Rating: PG-15 for language mostly
Disclaimer: I don't own Skins.
Pairing: Naomi/Emily, Emily/Cook
Summary: AU-ish. At a certain point you have to face the decisions you've made and figure out that sometimes there's no going back. (I'm really sucky at the summaries, but please read!)
Spoilers: AU of JJ episode, where Katie didn't stop Em from dancing with Cook. Also makes some ambiguous statements surrounding the Cook/Naomi 'friendship'.

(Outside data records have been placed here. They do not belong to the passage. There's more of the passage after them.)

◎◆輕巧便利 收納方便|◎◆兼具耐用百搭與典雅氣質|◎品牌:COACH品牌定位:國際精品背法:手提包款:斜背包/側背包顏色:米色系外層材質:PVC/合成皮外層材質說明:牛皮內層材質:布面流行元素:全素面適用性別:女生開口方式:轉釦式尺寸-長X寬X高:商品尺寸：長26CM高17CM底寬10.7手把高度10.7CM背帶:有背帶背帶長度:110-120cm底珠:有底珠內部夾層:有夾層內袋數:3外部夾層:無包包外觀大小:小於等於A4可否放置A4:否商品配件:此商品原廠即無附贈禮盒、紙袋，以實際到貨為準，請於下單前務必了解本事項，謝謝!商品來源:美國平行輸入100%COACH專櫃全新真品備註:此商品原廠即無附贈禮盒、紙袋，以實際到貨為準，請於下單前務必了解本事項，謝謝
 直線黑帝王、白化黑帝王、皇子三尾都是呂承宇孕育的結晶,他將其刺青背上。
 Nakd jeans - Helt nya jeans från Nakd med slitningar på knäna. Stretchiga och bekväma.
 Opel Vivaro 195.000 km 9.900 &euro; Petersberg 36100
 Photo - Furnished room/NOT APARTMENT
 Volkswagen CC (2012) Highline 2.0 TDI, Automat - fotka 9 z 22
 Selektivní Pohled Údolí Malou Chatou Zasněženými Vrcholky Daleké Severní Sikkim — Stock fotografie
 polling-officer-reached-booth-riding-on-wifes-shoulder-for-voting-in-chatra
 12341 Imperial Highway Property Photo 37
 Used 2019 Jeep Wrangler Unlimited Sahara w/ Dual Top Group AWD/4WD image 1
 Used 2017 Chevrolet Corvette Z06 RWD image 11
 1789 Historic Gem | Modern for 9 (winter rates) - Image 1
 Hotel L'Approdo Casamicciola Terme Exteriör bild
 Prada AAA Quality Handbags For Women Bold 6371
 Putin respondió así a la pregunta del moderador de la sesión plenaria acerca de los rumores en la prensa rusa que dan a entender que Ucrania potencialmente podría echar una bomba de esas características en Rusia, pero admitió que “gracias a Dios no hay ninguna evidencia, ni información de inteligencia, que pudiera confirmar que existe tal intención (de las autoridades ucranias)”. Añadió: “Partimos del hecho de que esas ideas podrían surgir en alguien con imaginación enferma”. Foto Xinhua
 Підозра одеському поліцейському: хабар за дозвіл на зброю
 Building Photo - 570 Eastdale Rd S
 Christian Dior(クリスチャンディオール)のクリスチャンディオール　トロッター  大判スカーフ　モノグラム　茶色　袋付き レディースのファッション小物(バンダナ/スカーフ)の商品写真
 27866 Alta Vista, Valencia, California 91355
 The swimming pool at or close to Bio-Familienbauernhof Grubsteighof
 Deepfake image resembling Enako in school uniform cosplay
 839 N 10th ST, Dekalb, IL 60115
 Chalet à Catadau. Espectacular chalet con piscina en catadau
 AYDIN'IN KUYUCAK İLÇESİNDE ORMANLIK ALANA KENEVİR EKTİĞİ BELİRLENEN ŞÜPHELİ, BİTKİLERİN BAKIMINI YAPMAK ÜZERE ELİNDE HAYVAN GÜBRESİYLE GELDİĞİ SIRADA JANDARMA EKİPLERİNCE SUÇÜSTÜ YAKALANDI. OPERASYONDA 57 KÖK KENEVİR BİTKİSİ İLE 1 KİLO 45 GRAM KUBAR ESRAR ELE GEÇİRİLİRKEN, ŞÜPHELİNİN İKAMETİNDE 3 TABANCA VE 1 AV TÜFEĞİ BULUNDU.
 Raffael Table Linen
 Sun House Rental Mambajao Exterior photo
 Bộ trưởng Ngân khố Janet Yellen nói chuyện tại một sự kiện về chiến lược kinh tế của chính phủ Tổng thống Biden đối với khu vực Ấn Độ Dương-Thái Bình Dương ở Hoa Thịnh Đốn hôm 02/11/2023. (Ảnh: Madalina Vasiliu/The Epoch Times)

A/N: It's my first Skins fic, so I'm not sure how I did capturing the voices. I'm kinda a fan of the angst, so be prepared. This sort of implies that Cook and Naomi may have slept together in "Naomi" or since then they've at least spent more time together. If you like it, I might be inclined to write a sequel. Just let me know what you think! Also, I know I switch from third to first person about a half of the way through. What can I say-- I'm not good with the grammar tools?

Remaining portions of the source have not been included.